As we review suspension system components and how they work together, remember that a vehicle in motion is more than wheels turning. As the tire revolves, the suspension system is in a dynamic state of balance, continuously compensating and adjusting for changing driving conditions. Today's suspension system is engineering at its best.

The components of the suspension system perform six basic functions:

1. Maintain correct ride height
2. Reduce the effect of shock forces
3. Maintain correct wheel alignment
4. Support vehicle weight
5. Keep the tires in contact with the ground
6. Control the vehicle's direction of travel

However, in order for this to happen, all the suspension components, both front and rear, must be in good working condition.

MAIN COMPONENTS OF A MODERN SUSPENSION SYSTEM

At this point, it's important to understand that the main components of a moving vehicle suspension system are the Shock Absorbers, Springs and Tires. We will first turn our attention to the design and function of springs. In the following section we will thoroughly examine the function and design of shock absorbers.

The springs support the weight of the vehicle, maintain ride height, and absorb ground shock. Springs are the flexible links that allow the frame to ride relatively undisturbed while the tires and suspension follow the bumps in the ground.

Springs are the compressible link between the frame and the body. When an additional load is placed on the springs or the vehicle meets a bump in the ground, the springs will absorb the load by compressing. The springs are a very important component of the suspension system that provides ride comfort. Shocks help control how fast the springs and suspension are allowed to move, which is important in keeping tires in firm contact with the ground.

During the study of springs, the term bounce refers to the vertical (up and down) movement of the suspension system. The upward suspension travel that compresses the spring and shock absorber is called the compression. The downward travel of the tire and wheel that extends the spring and shock absorber is called rebound, or extension.

When the spring is deflected, it stores energy. Without shocks the spring will extend and release this energy at an uncontrolled rate. The spring's inertia causes it to bounce and overextend itself. Then it re-compresses, but will again travel too far. The spring continues to bounce at its natural frequency until all of the energy originally put into the spring is used.

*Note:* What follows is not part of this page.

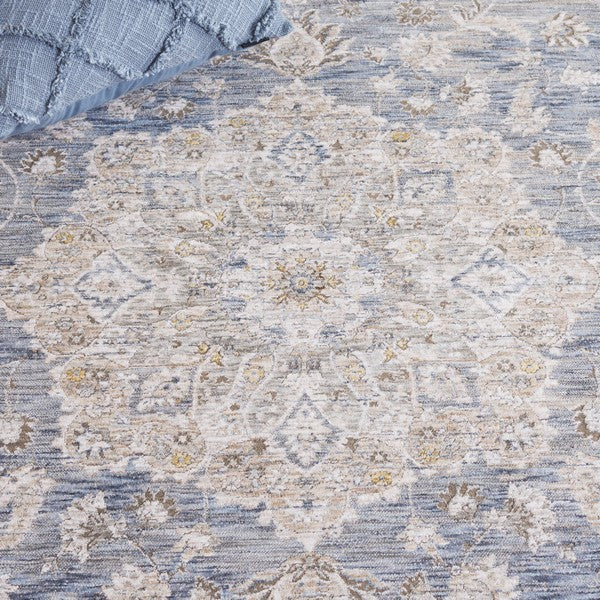 safavieh clearance mason msn114m blue rug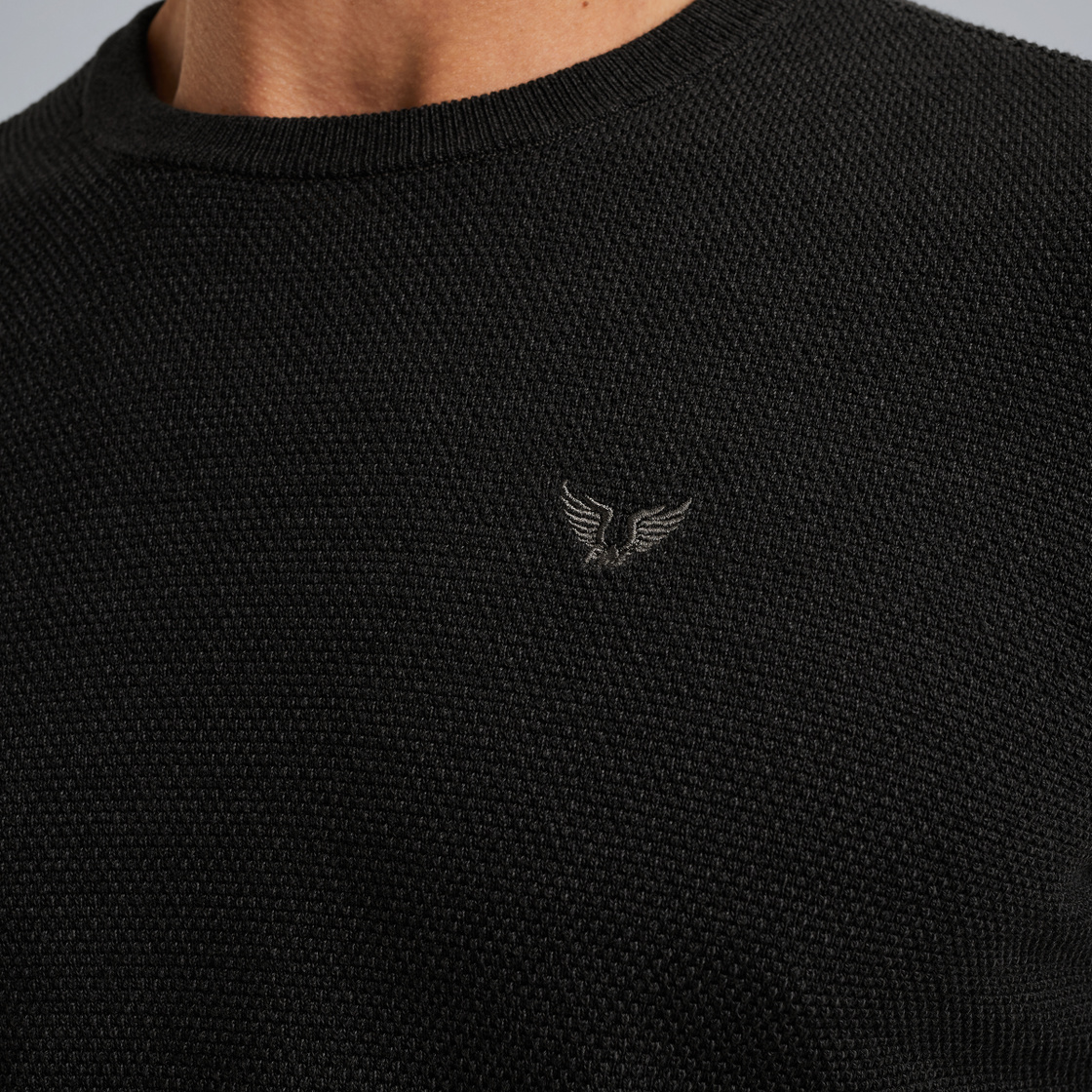 PKW2506314-9140_model_4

If the shock absorbers are worn and the vehicle meets a bump in the road, the vehicle will bounce at the frequency of the suspension until the energy of the bump is used up. This may allow the tires to lose contact with the ground.

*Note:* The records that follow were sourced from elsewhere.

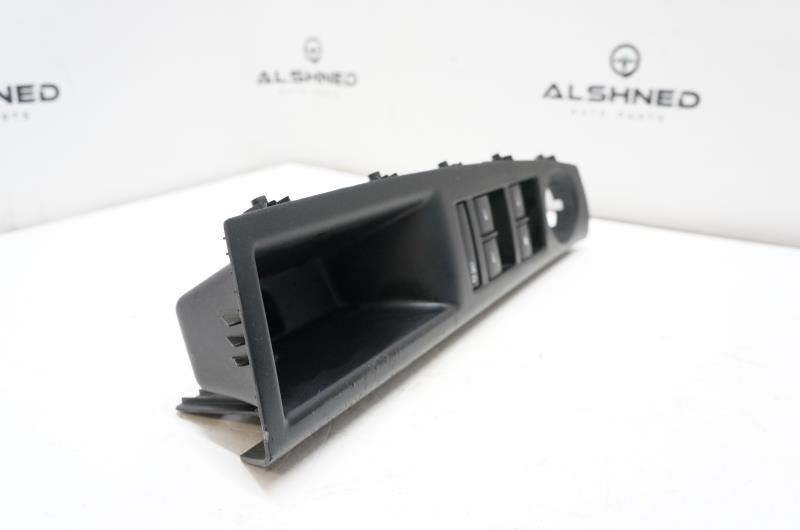 2012 Chevrolet Cruze   Front Window Switch 20917577 OEM - Alshned Auto Parts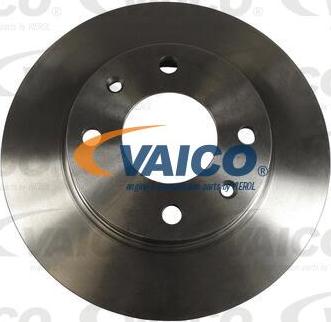 VAICO V42-40002 - Discofreno autozon.pro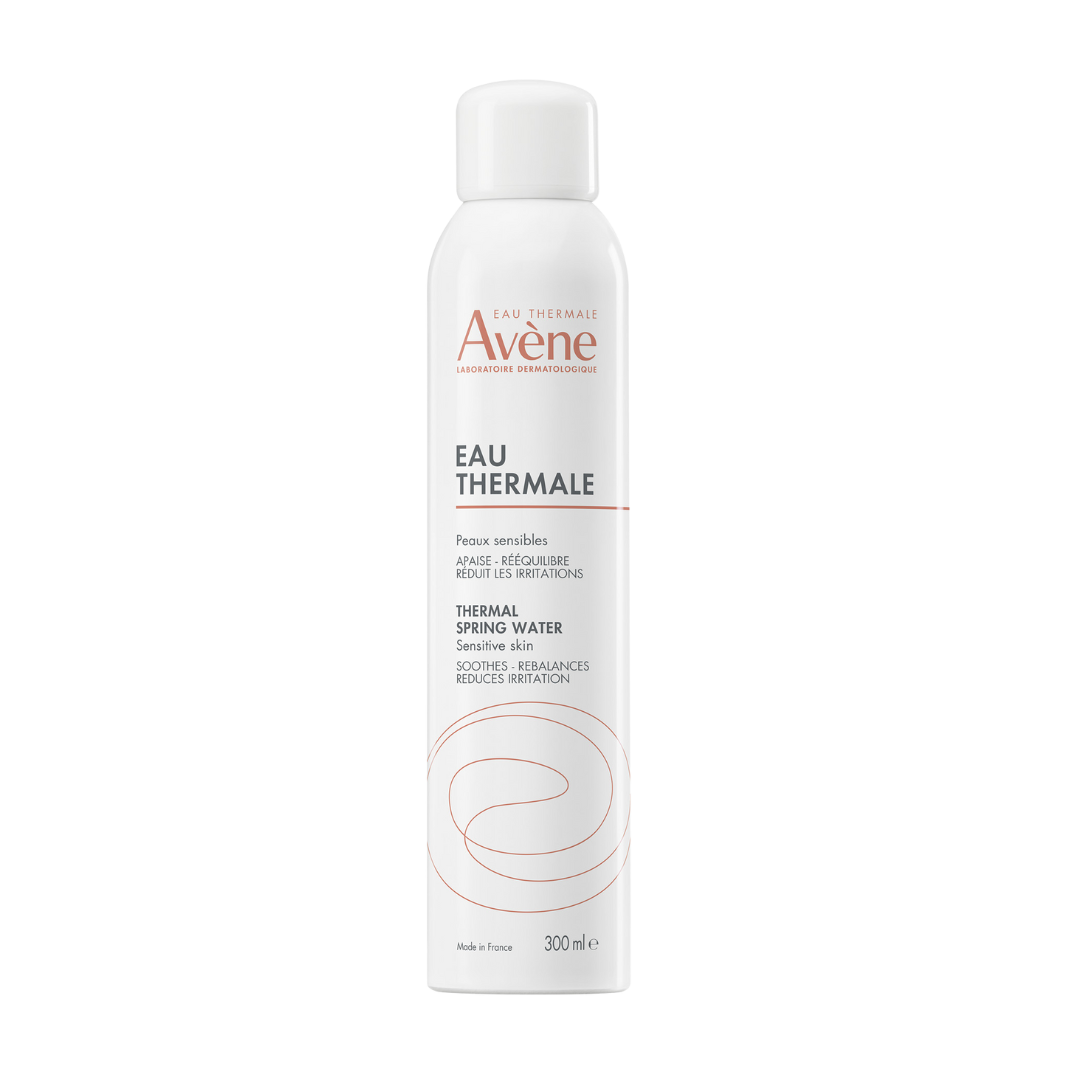 Avène Thermal Spring Water Spray - Avène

Shock absorbers that are in good condition will allow the suspension to oscillate through one or two diminishing cycles, limiting or damping excessive movement, and maintaining vertical loads placed upon the tires. This helps keep the tires in contact with the ground.


SPRING DESIGNS

Before discussing spring design, it is important to understand sprung and unsprung weight. Sprung weight is the weight supported by the springs. For example, the vehicle's frame and motor would be sprung weight. Unsprung weight is the weight that is not carried by springs, such as the tires, wheels, and brake assemblies.

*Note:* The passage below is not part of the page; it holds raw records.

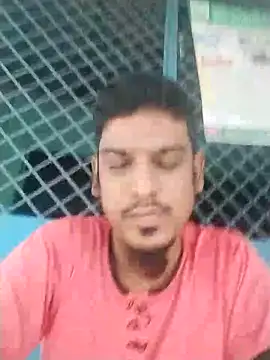 HoT BoY  Salim Khan BD online show from 10/07/25, 06:14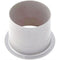 ETC CSSPOTJRTH-1 ColorSource Spot jr top hat, white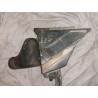 Boite air 250 egs de 1996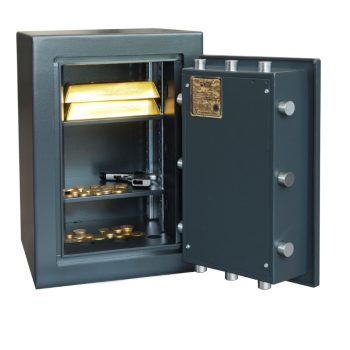 Értéktárolás 50 millió Ft-ig /MABISZ "G"./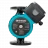 Насос циркуляционный Shinhoo BASIC PRO 40-14SF 3х380V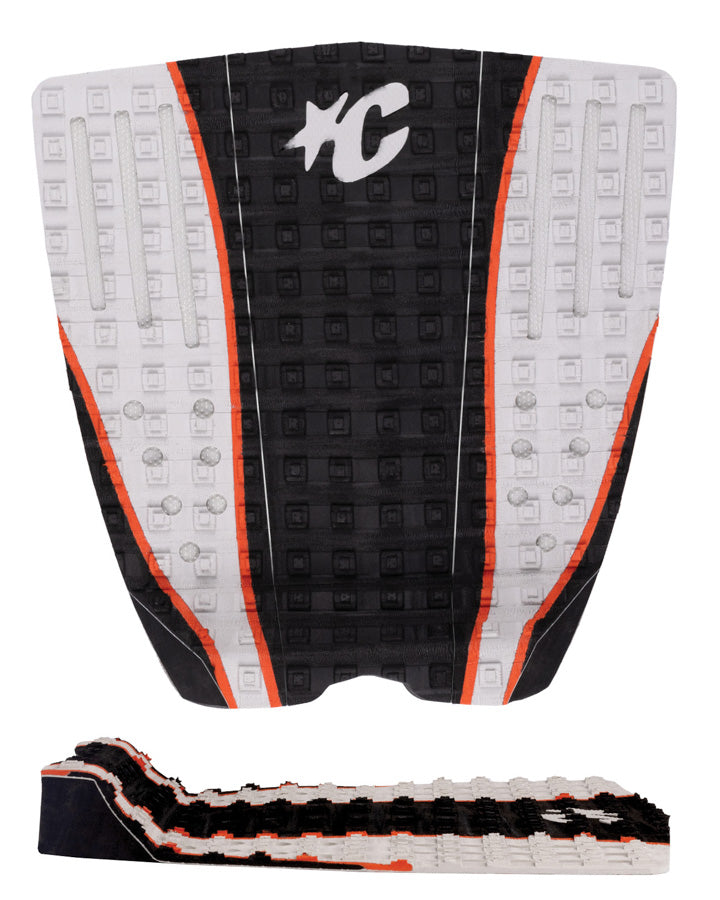 Signature Traction Pads – Creatures of Leisure USA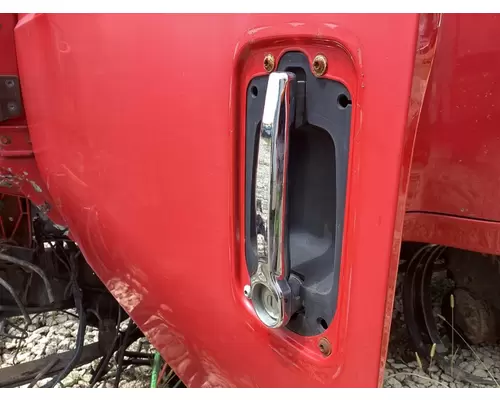 International PROSTAR Door Handle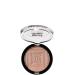 Maybelline Master Chrome Metal Highlighter No. 50 - Radiant Glow for a Perfectly Golden Finish - Buy Online on GoSupps.com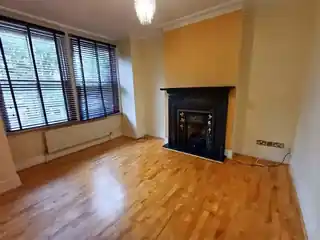 36A Station Road, photo 2
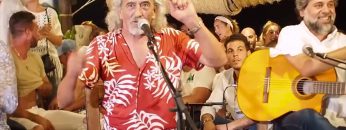 Privado: [ID: MvUKCLK-u2s] Youtube Automatic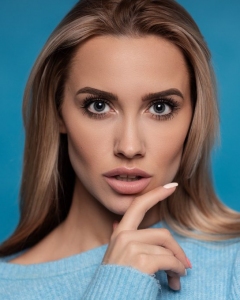 Неизвестный исполнитель 6 - unknown artist 6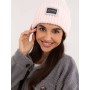Bonnet model 201419 Rue Paris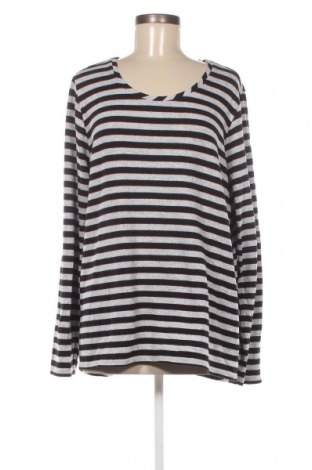 Γυναικεία μπλούζα Cecil, Μέγεθος L, Χρώμα Πολύχρωμο, Τιμή 5,26 €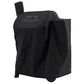 Traeger Grills Black Full Length Cover for Traeger Pro 575 Pellet Grill, , large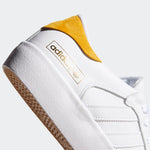 Adidas matchbreak super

The springs allow the frame and vehicle to ride undisturbed while the suspension and tires follow the grounds surface. Reducing unsprung weight will provide less road shock. A high sprung weight along with a low unsprung weight provides improved ride and also improved tire traction.


Coil Springs
The most commonly used spring is the coil spring. The coil spring is a length of round spring steel rod that is wound into a coil. Unlike leaf springs, conventional coil springs do not develop inter-leaf friction. Therefore, they provide a smoother ride.

The diameter and length of the wire determine the strength of a spring. Increasing the wire diameter will produce a stronger spring, while increasing its length will make it more flexible.

Spring rate, sometimes referred to as deflection rate, is used to measure spring strength. It is the amount of weight that is required to compress the spring 1 inch. For example: If it takes 100 lbs. to compress a spring 1inch, it would take to 200 lbs. to compress the spring 2 inches.

Some coil springs are made with a variable rate. This variable rate is accomplished by either constructing this spring from materials having different thickness or by winding the spring so the coil will progressively compress at a higher rate. Variable rate springs provide a lower spring rate under unloaded conditions offering a smoother ride, and a higher spring rate under loaded conditions, resulting in more support and control.

Coil springs require no adjustment and for the most part are trouble-free. The most common failure is spring sag. Springs that have sagged below vehicle design height will change the geometry. This can handling problems and wear other suspension components. During suspension service it is very important that vehicle ride height be measured. Ride height measurements not within manufacturer's specifications require replacement of springs.